Not only does the institution of slavery evoke memories of unmitigated suffering and pain for millions of Africans, it also unravels the many unasked questions of agency, complicity and historical responsibility for inflicting such cruelty on humanity.

A subject of controversy yet to be fully told has been on the role Africans played in perpetuating the slave trade.

The role played by the US and European colonial powers like Britain, France, Holland, Portugal and Spain makes sad reading when we see how they forced Africans to be involved as well.

The role Africans were forced to play, especially for the slave-trading kingdoms of western and central Africa, is regrettable. 

These included the Akan of the Kingdom of Asante in what is now Ghana, the Fon of Dahomey (now Benin), the Mbundu of Ndongo in modern Angola and the Kongo of today’s Congo, among several others.

For three-and-a-half centuries, European slave traders carried African captives across the Atlantic in slave ships originating from ports belonging to all major European maritime powers —Spain, Portugal, the Netherlands, Denmark, Sweden, Britain, France and Brandenburg-Prussia. 

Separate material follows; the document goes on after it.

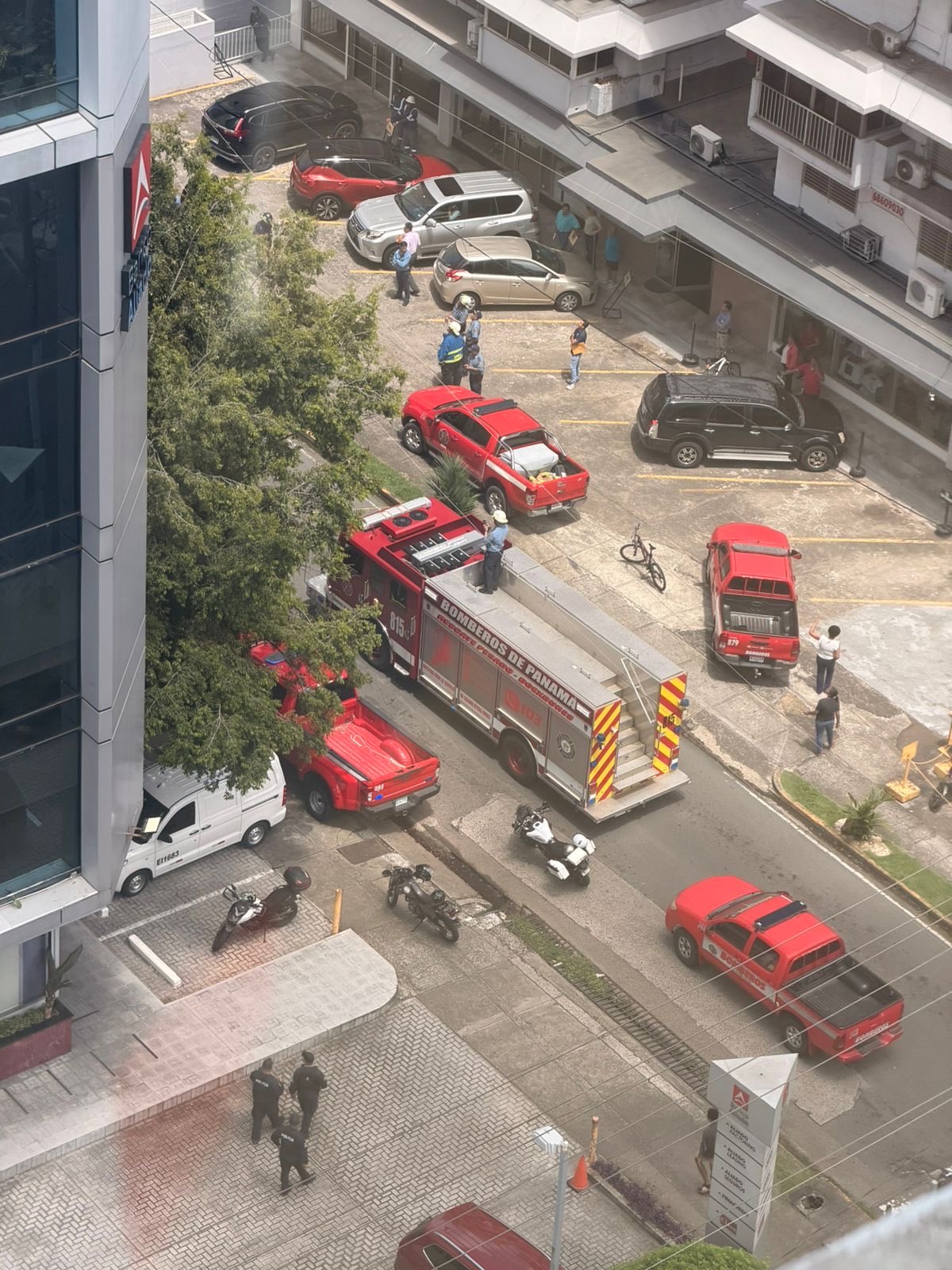 Grúa cae desde el piso 30 en torre de Soho Mall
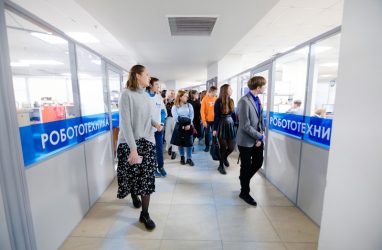 Студенты ДВФУ взяли шефство над школьниками острова Русский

And the justification for the enslavement of Africans was the lame argument that since Africans themselves practised slavery, it was no affront to African humanity for Europeans to do the same.

Another justification for the enslavement was the argument that Africans themselves participated in the slave trade as middlemen.

However, little attention has been given to the crucial question: Why did Africans sell Africans?

The argument is silent on the special circumstances under which Africans participated in the sourcing of slaves.

For Herbert Forster in Partners or Captives in Commerce: The Role of Africans in Slave Trade (1976), perhaps they indeed had little choice in the matter.

Around 1444, the Portuguese began trading in Guinea; at first, for gold and ivory, but soon after, for slaves. 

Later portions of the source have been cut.